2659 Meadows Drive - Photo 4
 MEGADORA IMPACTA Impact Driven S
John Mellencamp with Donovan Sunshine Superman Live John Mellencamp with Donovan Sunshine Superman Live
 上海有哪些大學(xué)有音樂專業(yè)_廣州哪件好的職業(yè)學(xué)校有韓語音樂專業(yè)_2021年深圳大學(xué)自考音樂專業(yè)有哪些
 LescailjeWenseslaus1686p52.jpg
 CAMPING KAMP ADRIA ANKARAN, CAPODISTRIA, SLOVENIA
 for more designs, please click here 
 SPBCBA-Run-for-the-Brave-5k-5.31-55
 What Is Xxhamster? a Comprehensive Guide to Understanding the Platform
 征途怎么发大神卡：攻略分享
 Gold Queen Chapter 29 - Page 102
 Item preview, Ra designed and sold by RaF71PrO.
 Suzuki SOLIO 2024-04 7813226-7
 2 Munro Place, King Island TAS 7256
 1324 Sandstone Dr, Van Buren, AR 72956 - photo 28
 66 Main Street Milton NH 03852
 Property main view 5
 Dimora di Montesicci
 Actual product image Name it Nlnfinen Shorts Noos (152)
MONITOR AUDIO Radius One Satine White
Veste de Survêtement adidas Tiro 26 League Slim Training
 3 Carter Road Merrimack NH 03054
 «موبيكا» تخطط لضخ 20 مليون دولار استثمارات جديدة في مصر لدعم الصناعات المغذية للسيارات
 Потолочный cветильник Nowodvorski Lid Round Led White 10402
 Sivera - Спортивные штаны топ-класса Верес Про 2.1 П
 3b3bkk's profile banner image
--------------------------------
Prompt: Of the lines above, extract only those from the line with "What Is Xxhamster?" to the line with "الصناعات المغذية للسيارات", both included, exactly as written.

Response:
 What Is Xxhamster? a Comprehensive Guide to Understanding the Platform
 征途怎么发大神卡：攻略分享
 Gold Queen Chapter 29 - Page 102
 Item preview, Ra designed and sold by RaF71PrO.
 Suzuki SOLIO 2024-04 7813226-7
 2 Munro Place, King Island TAS 7256
 1324 Sandstone Dr, Van Buren, AR 72956 - photo 28
 66 Main Street Milton NH 03852
 Property main view 5
 Dimora di Montesicci
 Actual product image Name it Nlnfinen Shorts Noos (152)
MONITOR AUDIO Radius One Satine White
Veste de Survêtement adidas Tiro 26 League Slim Training
 3 Carter Road Merrimack NH 03054
 «موبيكا» تخطط لضخ 20 مليون دولار استثمارات جديدة في مصر لدعم الصناعات المغذية للسيارات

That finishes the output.